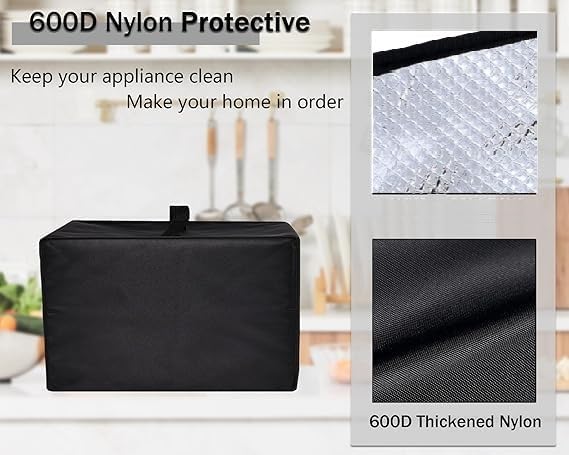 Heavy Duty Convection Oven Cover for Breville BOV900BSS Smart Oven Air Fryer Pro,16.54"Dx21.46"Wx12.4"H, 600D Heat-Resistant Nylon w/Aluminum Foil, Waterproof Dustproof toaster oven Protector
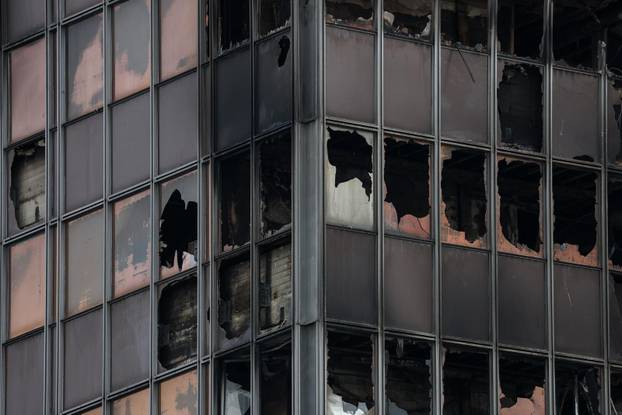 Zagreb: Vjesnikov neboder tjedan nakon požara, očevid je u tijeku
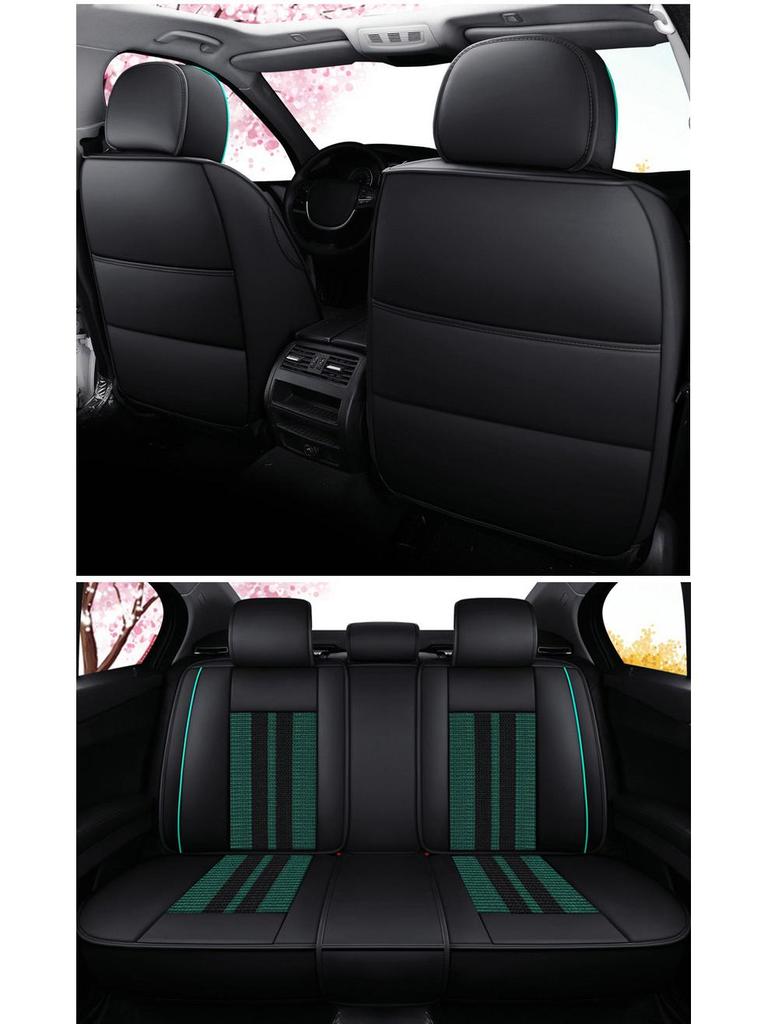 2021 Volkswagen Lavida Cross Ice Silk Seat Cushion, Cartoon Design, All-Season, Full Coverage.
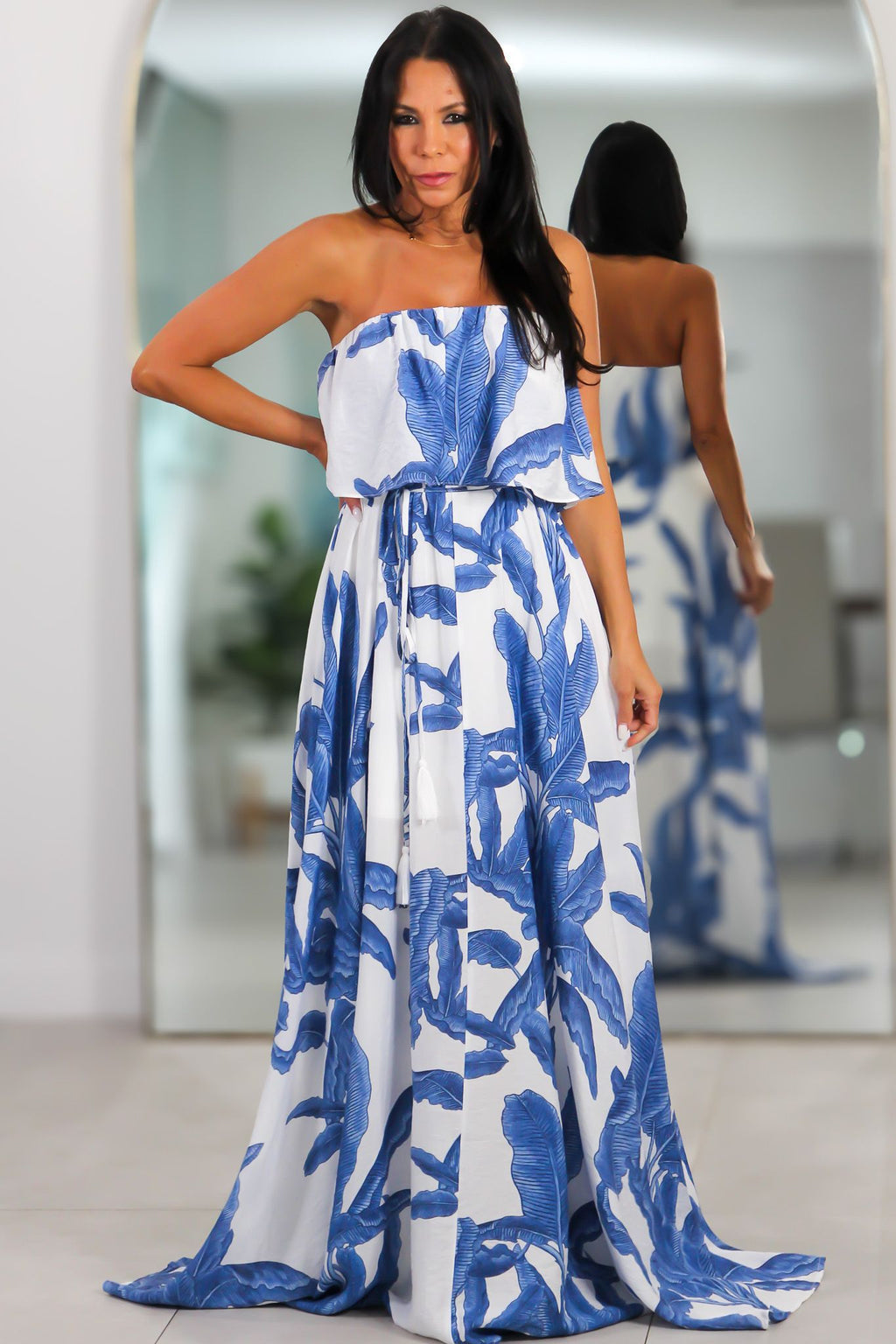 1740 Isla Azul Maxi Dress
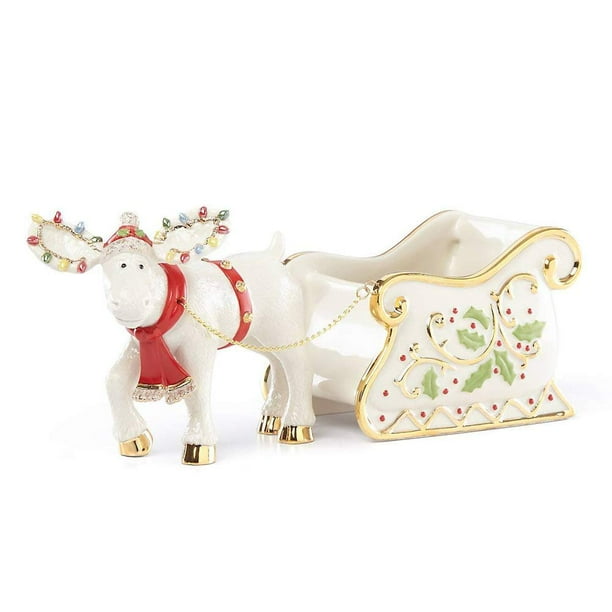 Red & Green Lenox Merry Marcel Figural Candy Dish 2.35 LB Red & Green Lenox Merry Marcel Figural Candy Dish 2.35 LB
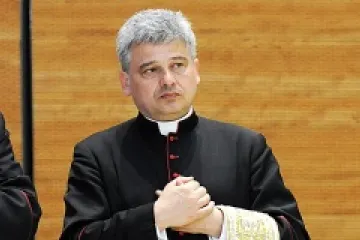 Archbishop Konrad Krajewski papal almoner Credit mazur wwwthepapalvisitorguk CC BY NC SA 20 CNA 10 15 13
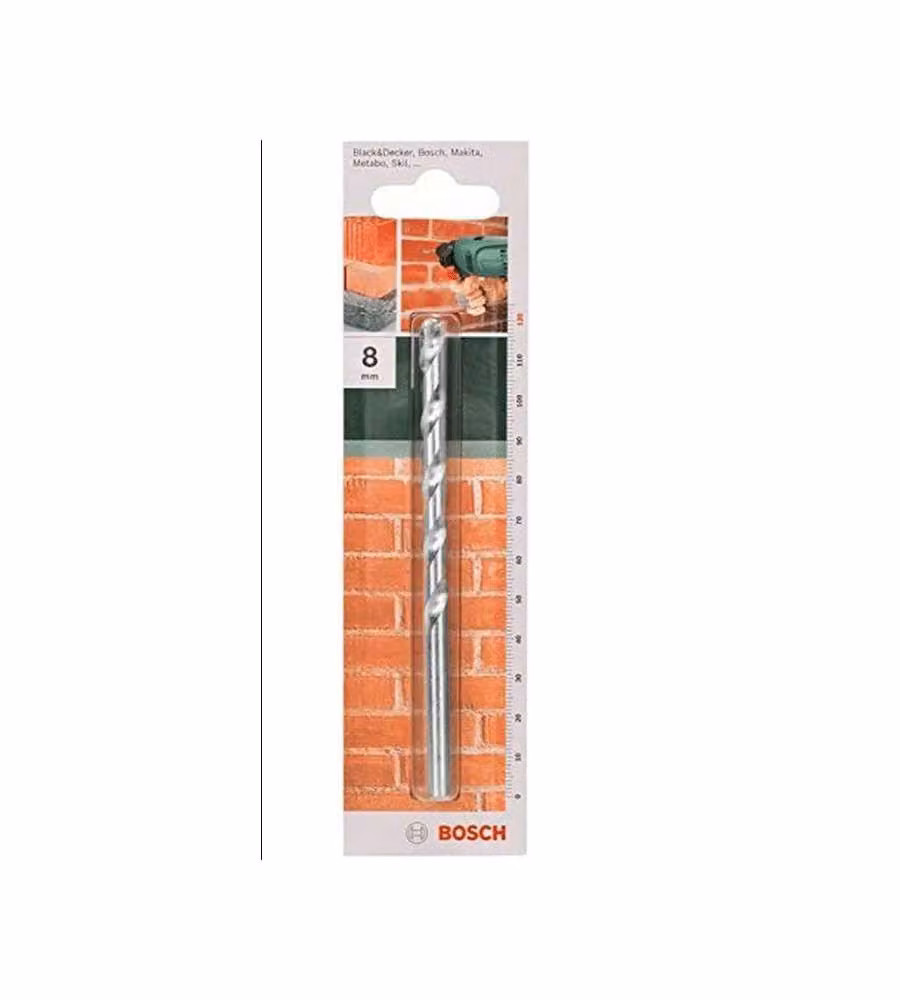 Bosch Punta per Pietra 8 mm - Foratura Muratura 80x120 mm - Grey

------------------------------------------------------------

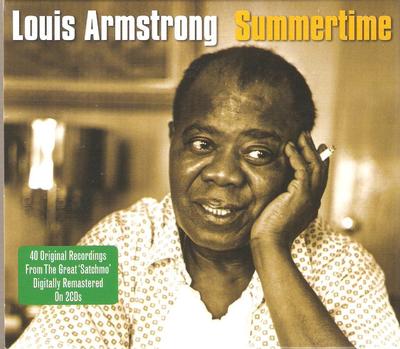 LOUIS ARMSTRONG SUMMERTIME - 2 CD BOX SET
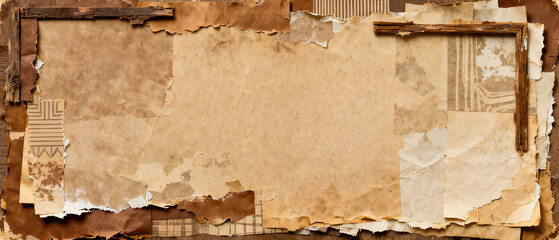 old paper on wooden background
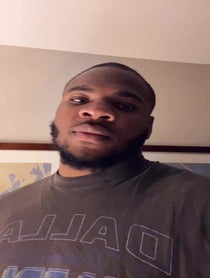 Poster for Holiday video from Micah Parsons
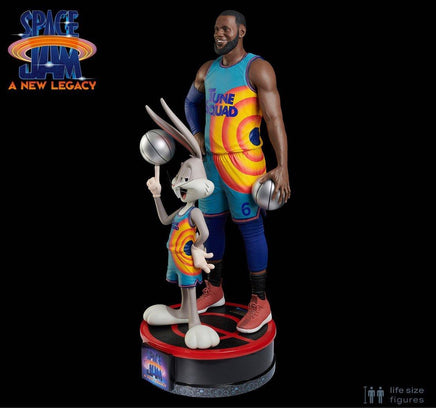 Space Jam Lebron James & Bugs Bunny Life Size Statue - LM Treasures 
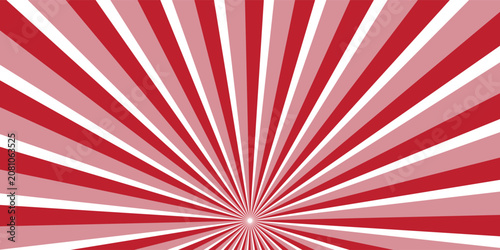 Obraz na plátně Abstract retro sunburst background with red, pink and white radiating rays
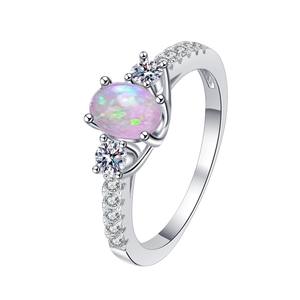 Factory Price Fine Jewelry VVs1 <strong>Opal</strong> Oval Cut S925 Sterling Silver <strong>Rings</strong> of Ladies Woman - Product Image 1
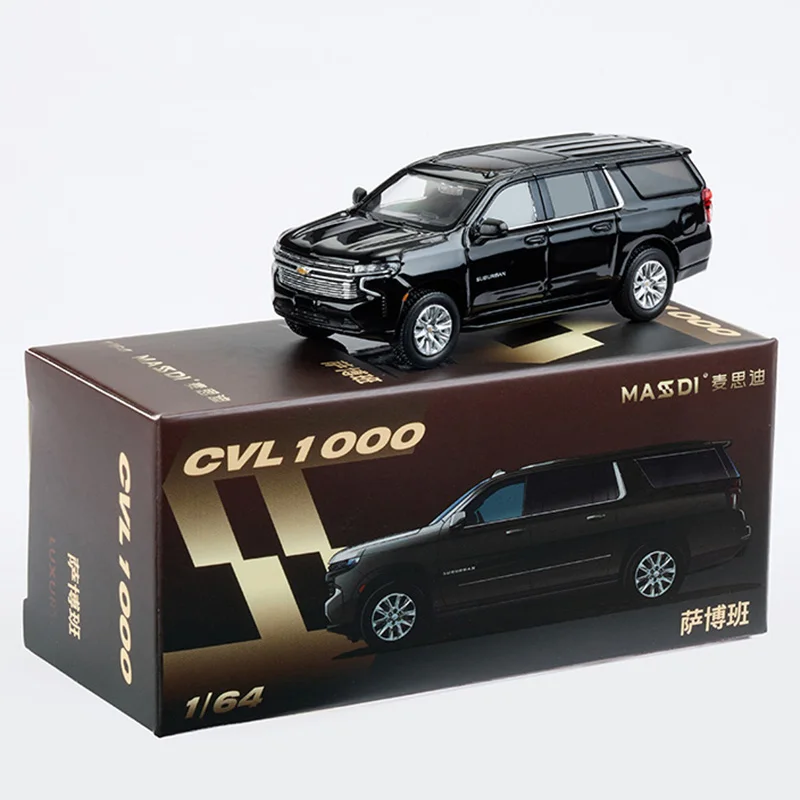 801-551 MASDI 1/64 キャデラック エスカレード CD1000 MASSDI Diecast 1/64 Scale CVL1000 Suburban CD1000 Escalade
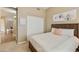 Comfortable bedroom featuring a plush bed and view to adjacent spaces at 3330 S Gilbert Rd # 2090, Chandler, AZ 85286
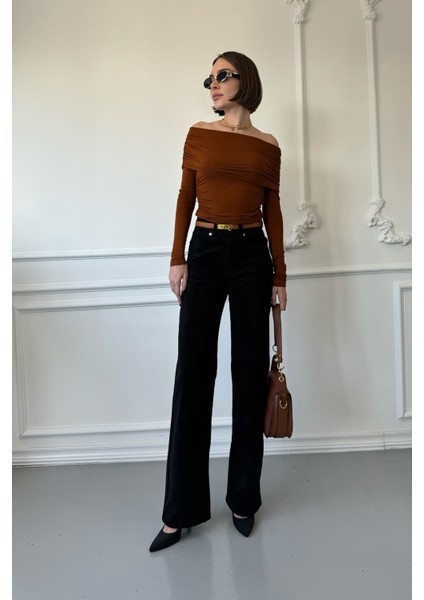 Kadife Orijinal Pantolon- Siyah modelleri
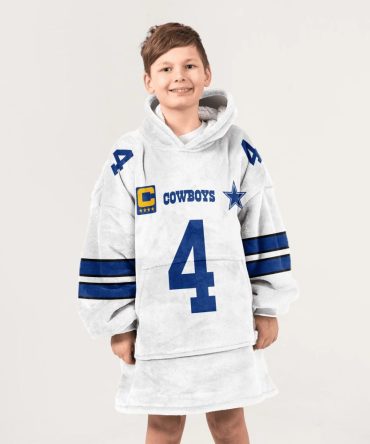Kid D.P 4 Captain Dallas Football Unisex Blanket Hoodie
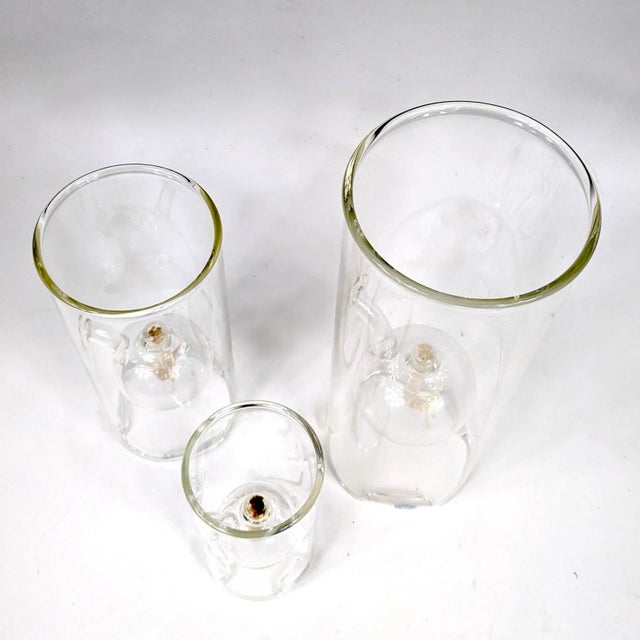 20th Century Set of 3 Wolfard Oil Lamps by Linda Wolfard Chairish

------------------------------------------------------------

Your objective>
Each line between the one holding "Heavy Duty Convection" and the one holding "2.35 LB Red", inclusive, should be copied exactly as it appears above, and pictures should be omitted.

Answer space>
 Heavy Duty Convection Oven Cover for Breville BOV900BSS Smart Oven Air Fryer Pro,16.54"Dx21.46"Wx12.4"H, 600D Heat-Resistant Nylon w/Aluminum Foil, Waterproof Dustproof toaster oven Protector
 Zagreb: Vjesnikov neboder tjedan nakon požara, očevid je u tijeku
 2021 Volkswagen Lavida Cross Ice Silk Seat Cushion, Cartoon Design, All-Season, Full Coverage.
 1740 Isla Azul Maxi Dress
 Red & Green Lenox Merry Marcel Figural Candy Dish 2.35 LB Red & Green Lenox Merry Marcel Figural Candy Dish 2.35 LB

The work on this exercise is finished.